Of course, even if there is little risk to the site, the security measures may have some emotional value. The best argument I heard for enhanced security is the comfort that it gives some 9/11 family members and survivors. A representative for the September 11th Families’ Association told me they “appreciate all measures taken to insure the safety of visitors.” The president of the World Trade Center Survivors’ Network said much the same — though he also acknowledged a “diversity of opinion” among members. But not everyone is comforted by heavy security. John Mueller, a counterterror expert at Ohio State University and the Cato Institute, says that “visible security measures dealing with terrorism tend to make people more anxious about it.” He has research to back himself up.

If the purpose of elaborate security is to protect raw nerves rather than to address an active threat, it’s reasonable to ask how long it will be in place. Some memorial documents refer to controlled access during an “interim operating period” that runs through the end of 2013; others promise “open access . . . from all sides” only when the entire World Trade Center site (not just the main tower) is fully rebuilt. It’s unclear when that will be — 2016? TBD? (It wasn’t any clearer to a spokesman for the memorial.) And if the security measures are a response to an active threat, wouldn’t it be ill-advised to dispense with them the day the WTC site is finished?

For the sake of argument, let’s assume the memorial really is at risk. Are the current measures effective?

It’s not giving anything away to point out that the memorial’s security measures — at least the visible measures to which visitors are subjected — will not prevent a well-planned attack. Many of the most onerous requirements, even if they were effective deterrents, are unevenly enforced. For example, the requirement to provide names, addresses, et cetera in advance is undermined by the occasional distribution of a few same-day, timed tickets at several downtown locations and by the controversial ticket allocations to tour operators. (If an additional goal of named, prebooked tickets is to prevent reselling and control capacity, then the memorial could simply get rid of all tickets and count visitors as they enter and exit.) Then there’s the photo-ID rule, without which the requirement to give your name is meaningless.
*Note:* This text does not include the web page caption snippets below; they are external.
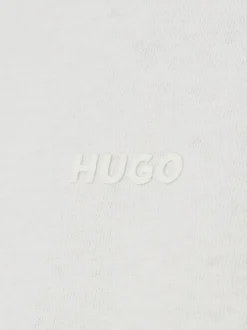 HUGO Herren T-Shirt - Dapolino in ecru - Ärmel: kurzarm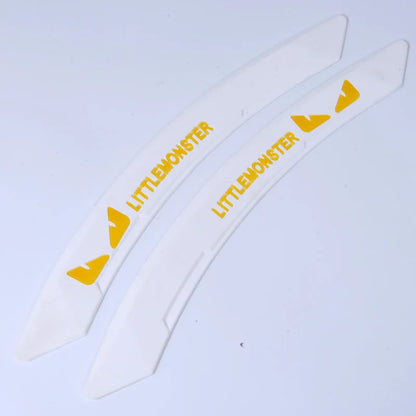 Car Wheel Arch Fender Protector Strip Rubber Anti Scratch Bumper Corner Guard Universal Eyebrow Trim Moulding Anti Collision Dec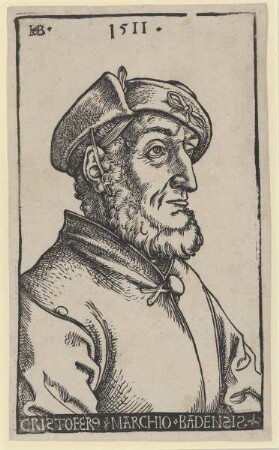 Bildnis des Cristoferus Marchio Badensis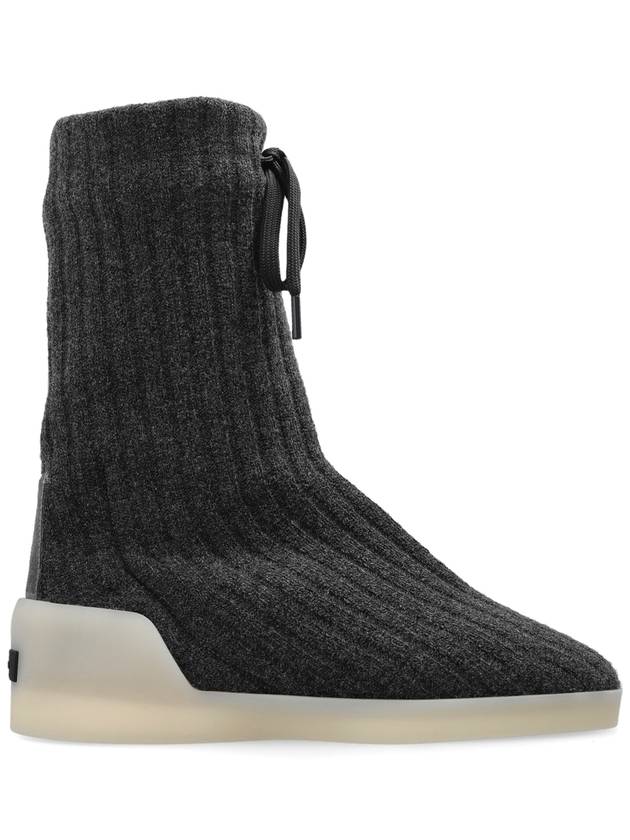 Fear Of God Ankle Boots Moc Knit Hi, Women's, Grey - FEAR OF GOD - BALAAN 1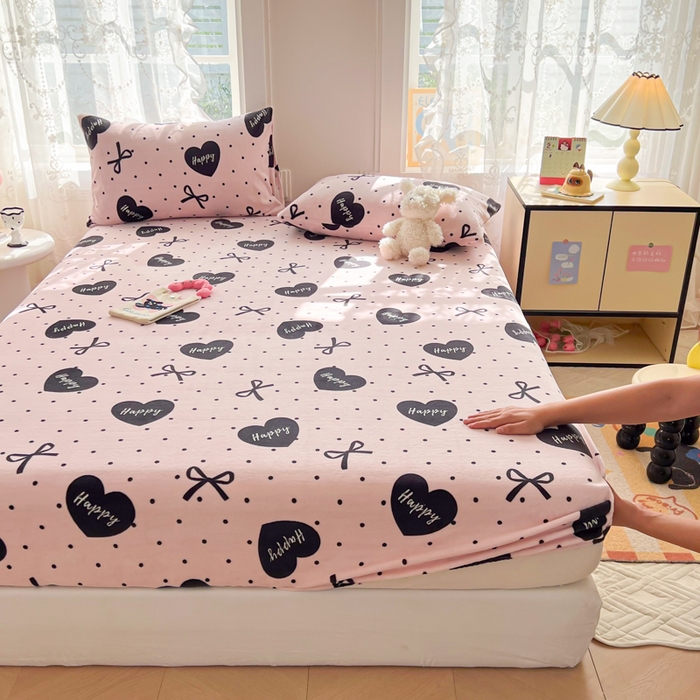 91家纺网 家纺一手货源 找家纺 吉象家纺 2024新款牛奶绒卡通印花单床笠 苏沫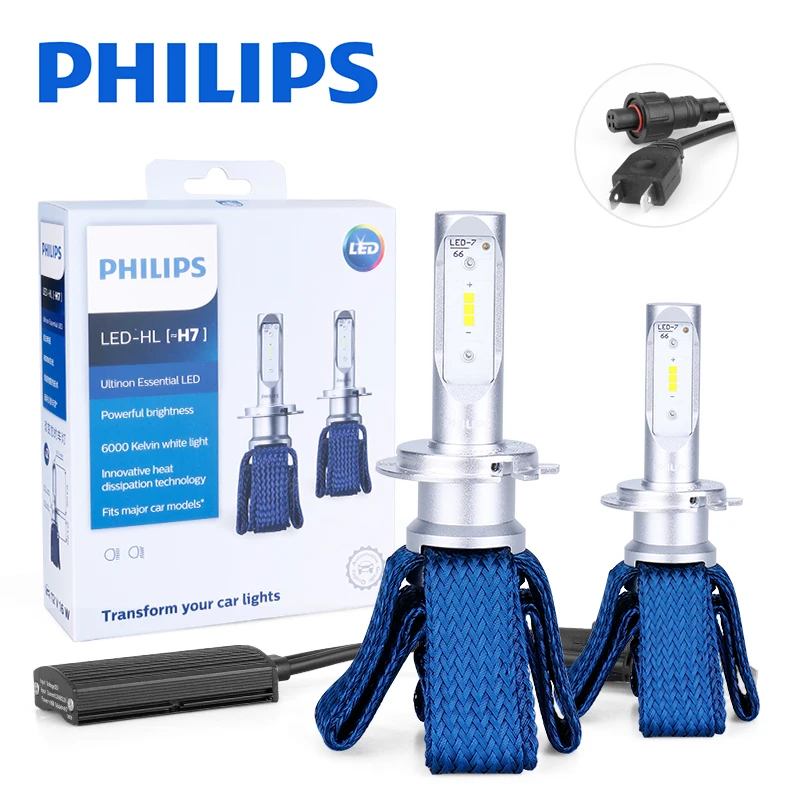 Philips H7 светодиодный H4 H11 H16 (Япония) HB3 HB4 9005 9012 HIR2 автомобильные головные фары лампы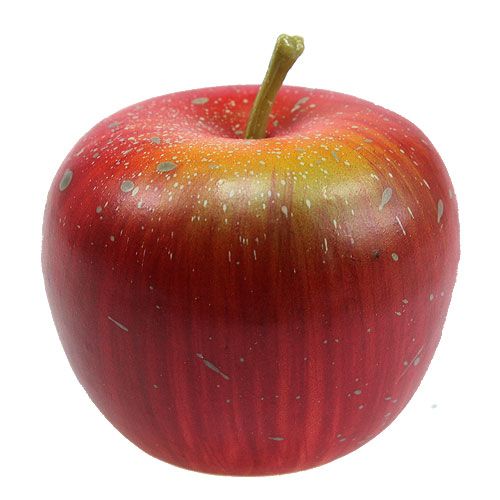 Floristik24 Deko-Äpfel 4cm Dunkerot 6St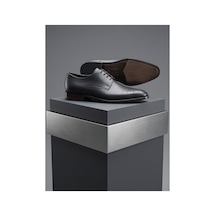 Crc Ayakkabı %100 Hakiki Deri Black Glossy Erkek Ayakkabı - Comfort Light Taban Siyah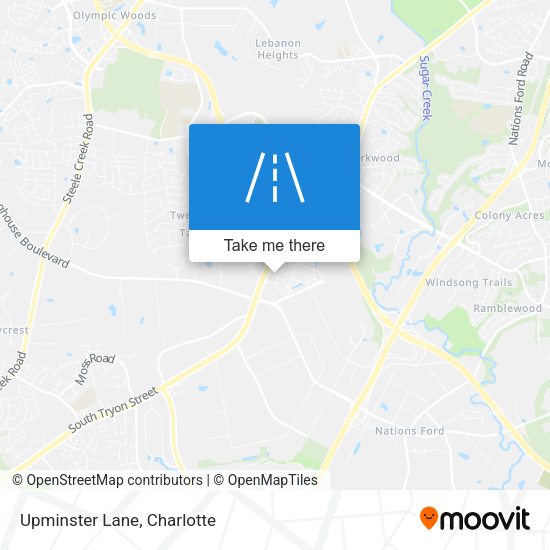 Mapa de Upminster Lane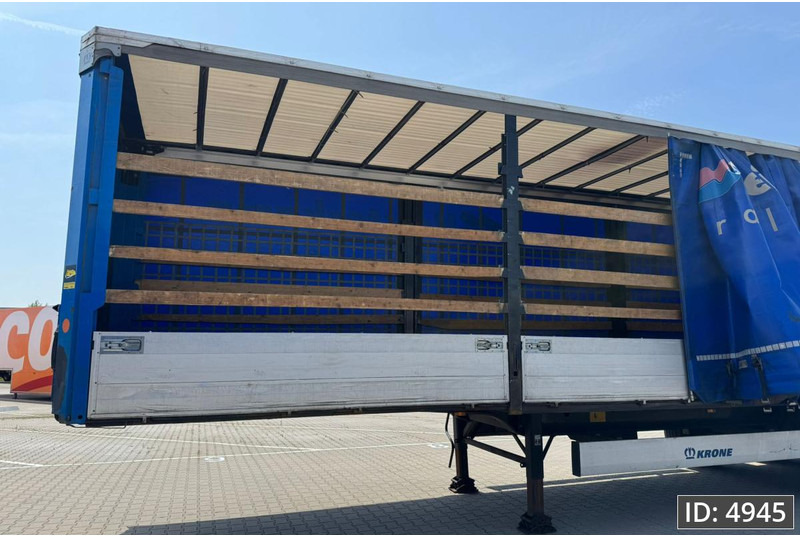 Krone SD / Sideboards / Drum brakes / DHOLLANDIA 2000KG - Curtainsider semi-trailer: picture 2 Krone SD / Sideboards / Drum brakes / DHOLLANDIA 2000KG - Curtainsider semi-trailer: picture 2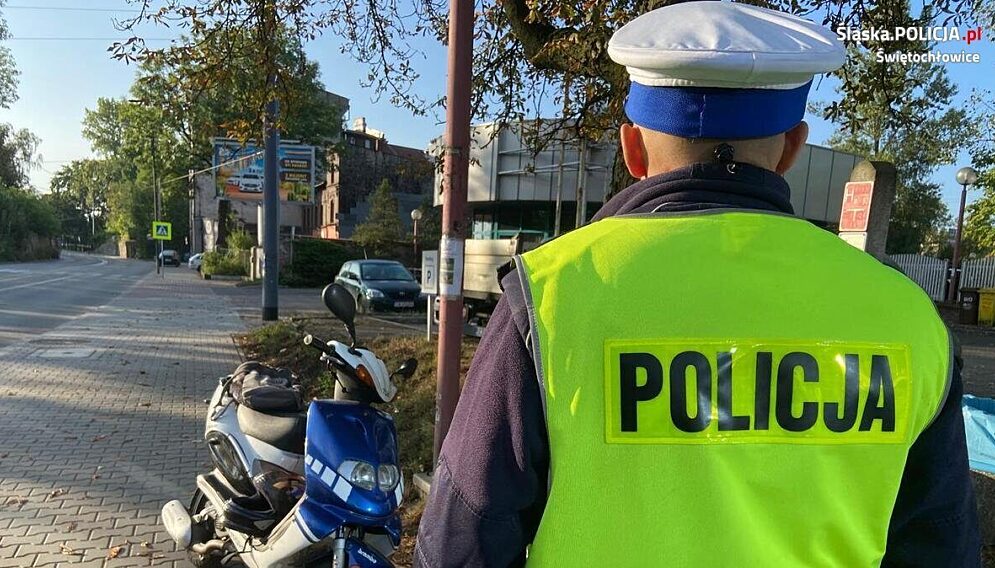 Pijani na motorowerze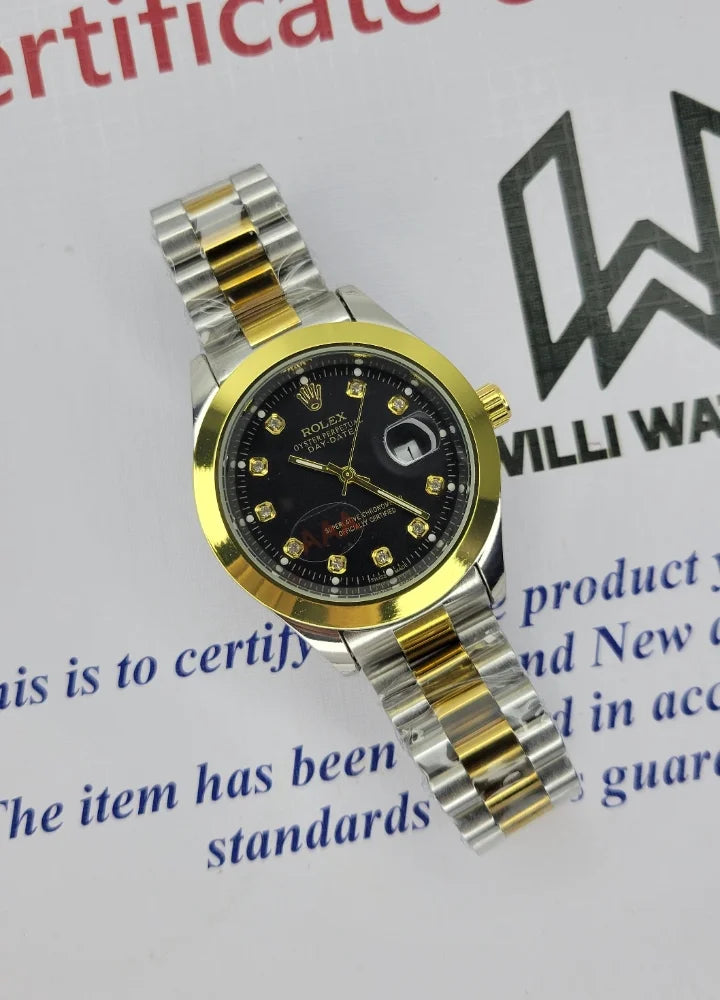 RLX Two-Tone Black Dial with Date R-006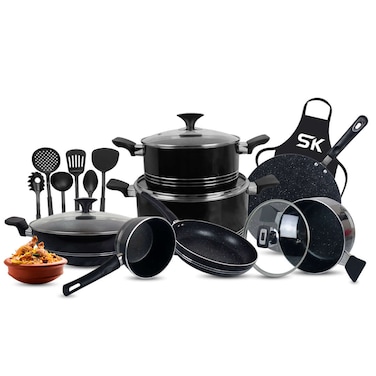 SK Non Stick Marble Coat Elite Gift Pack Set 17Pcs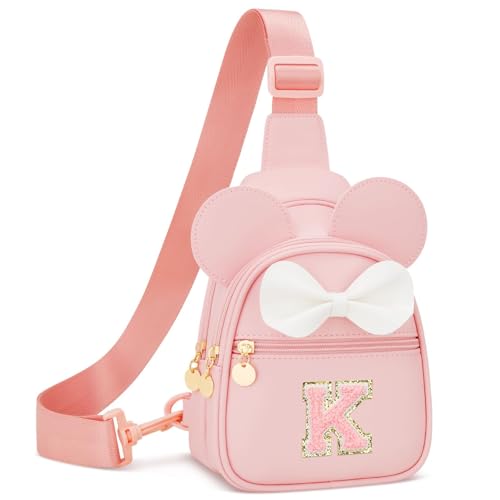 Image of Initial Sling Bag Crossbody Purse for Kids Girls Age 3-8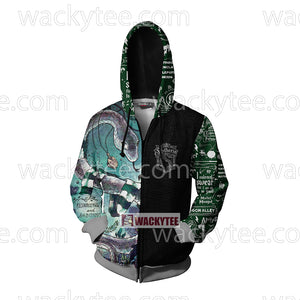 Slytherin House Resourcefull And Amitious Harry Potter Zip Up Hoodie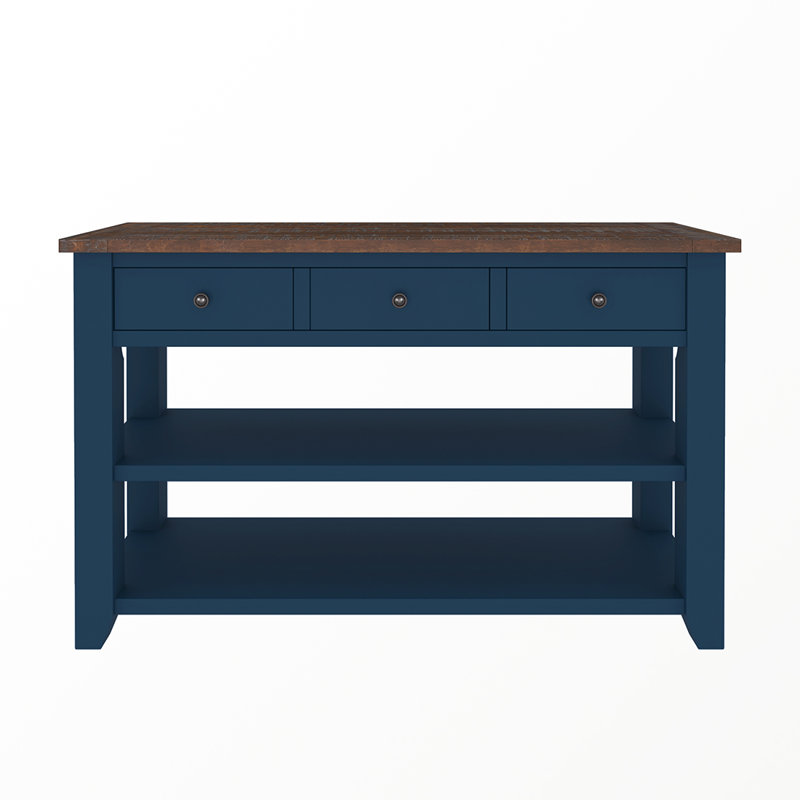 Console 48,82 po Elengi, Bleu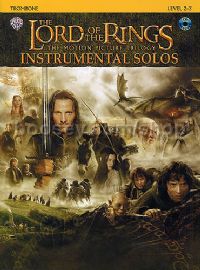 Lord Of The Rings Trilogy Solos Trombone (Book & CD) 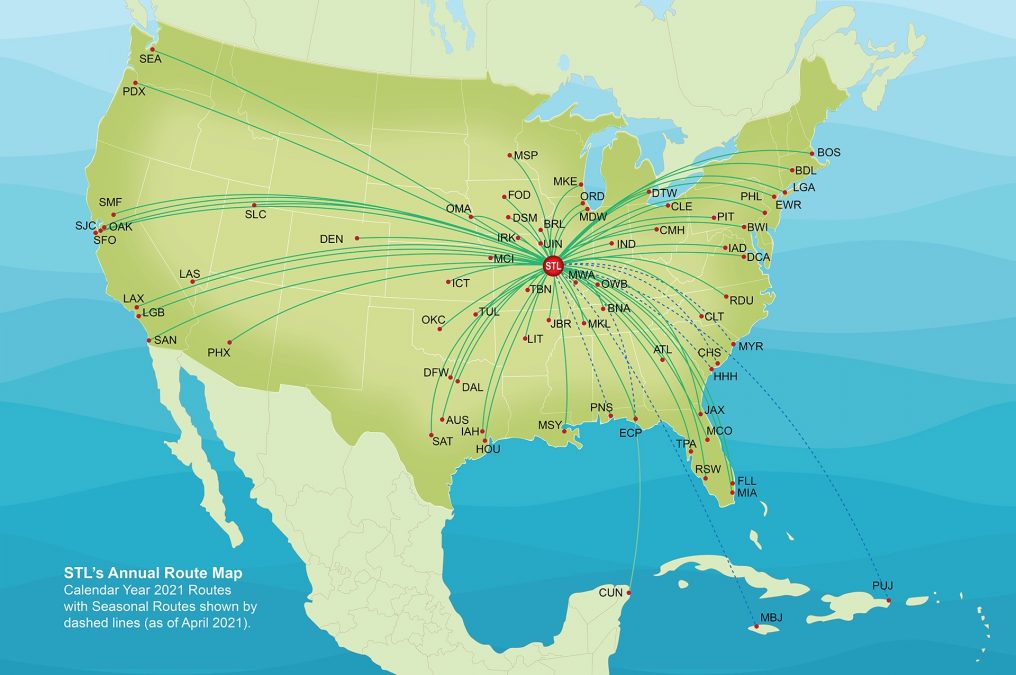 lambert airporty map southwest airlines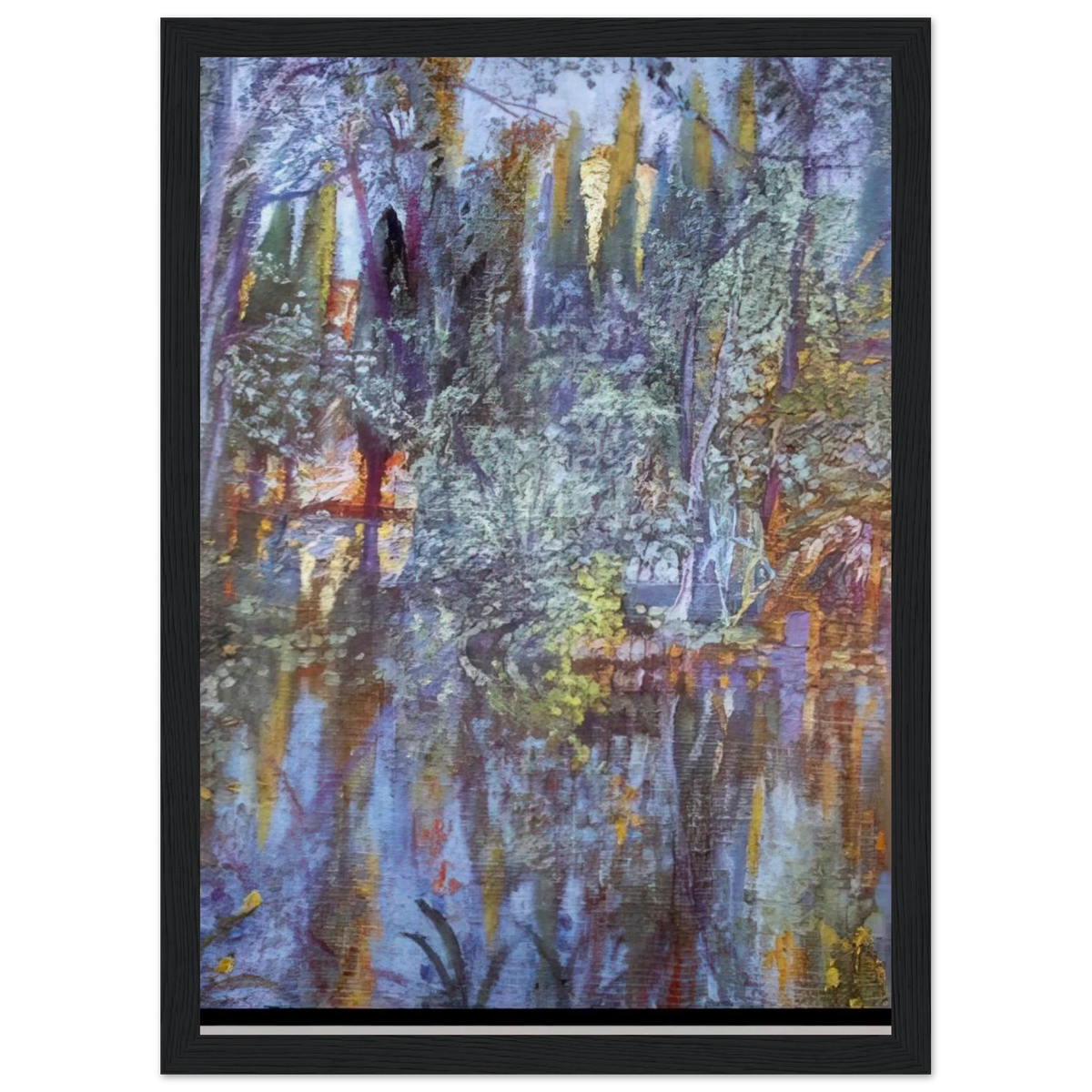 THE LAKE AT VILABERTRAN Framed Poster | Salvador Dali Framed Prints Wall Art | Salvador Dali Store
It’s at once overly restrictive — how many 13-year-olds have photo ID? — and largely unenforced (my ID was requested on only the first of my three visits).

I talked to Bruce Schneier, a leading thinker on security and the man who coined the term “security theater” to describe measures that are visible or intrusive but also pointless or ineffective. Schneier responded to a description of the memorial’s visible security with a pointed question: Is the memorial to the victims — or to our collective stupidity? The tactics, Schneier said, “assume we can guess the plot. But as long as the terrorists can avoid them by making a minor change in their tactics or target, they’re wastes of money.” What isn’t a waste of money? “Investigation, intelligence, and emergency response — stuff that doesn’t require you to guess the plot.”